In deze zaak gaat het om het hoger beroep van belanghebbende tegen de uitspraak van de rechtbank Gelderland, waarin de rechtbank de bezwaren van belanghebbende tegen de aanslagen inkomstenbelasting/premie volksverzekeringen (IB/PVV) en de inkomensafhankelijke bijdrage zorgverzekeringswet (ZVW) ongegrond heeft verklaard. De zaak betreft de aanslagen voor het jaar 2016, waarbij belanghebbende geen aangifte heeft gedaan. De inspecteur heeft ambtshalve aanslagen opgelegd, waarbij een verzuimboete is opgelegd wegens het niet indienen van de aangifte. Belanghebbende heeft in hoger beroep aangevoerd dat de aanslagen onterecht zijn opgelegd en dat de inspecteur niet is uitgegaan van een redelijke schatting van het inkomen.
Het hof heeft vastgesteld dat de vereiste aangiften niet zijn gedaan en dat de bewijslast is omgekeerd en verzwaard. De inspecteur heeft de aanslagen gebaseerd op de door belanghebbende aangegeven omzet in de aangiften omzetbelasting. Het hof oordeelt dat de inspecteur de aanslagen niet naar willekeur heeft vastgesteld en dat de redelijke schatting van het inkomen door de inspecteur kan worden gevolgd. Belanghebbende is er niet in geslaagd het verzwaarde bewijs te leveren dat het belastbaar inkomen lager is dan door de inspecteur is vastgesteld.
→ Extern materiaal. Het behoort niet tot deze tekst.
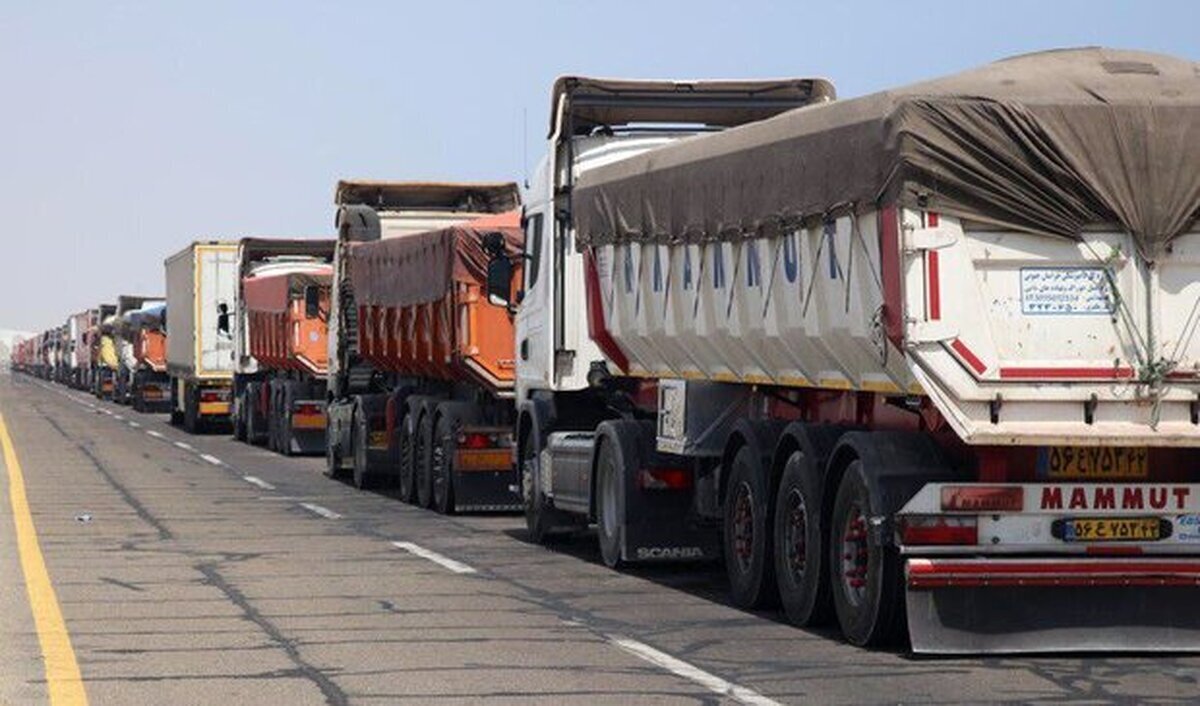 Over 562k tons of goods transited via Gilan custums in H1
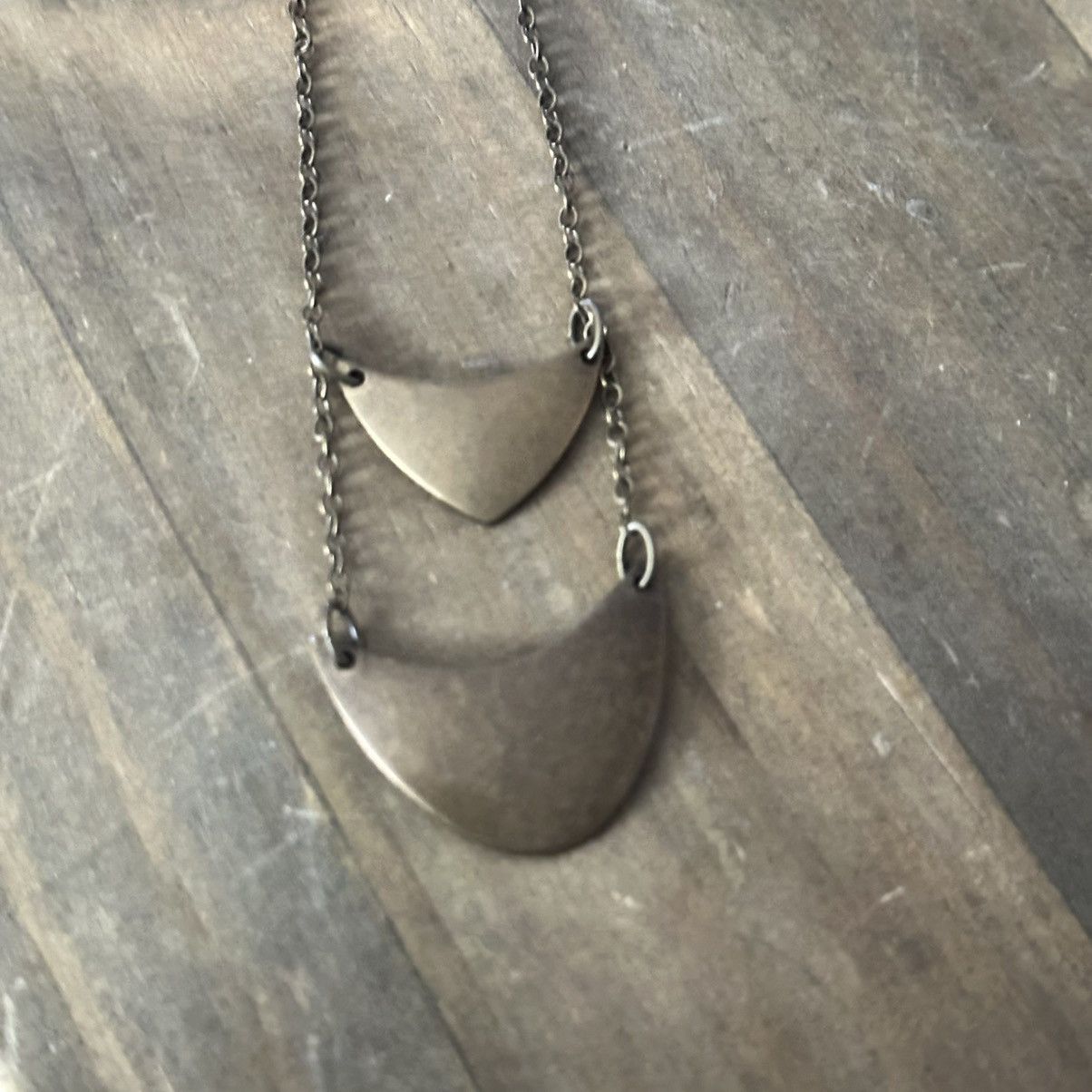 Other Amano Studio brass tone geometric necklace Size ONE SIZE - 4 Thumbnail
Daarnaast heeft belanghebbende een beroep gedaan op het vertrouwensbeginsel, maar het hof oordeelt dat er geen toezegging is gedaan door de inspecteur die het vertrouwen van belanghebbende rechtvaardigt. De verzuimboete van € 369 wordt door het hof als passend en geboden beschouwd. Het hoger beroep wordt ongegrond verklaard, en de uitspraak van de rechtbank wordt bevestigd.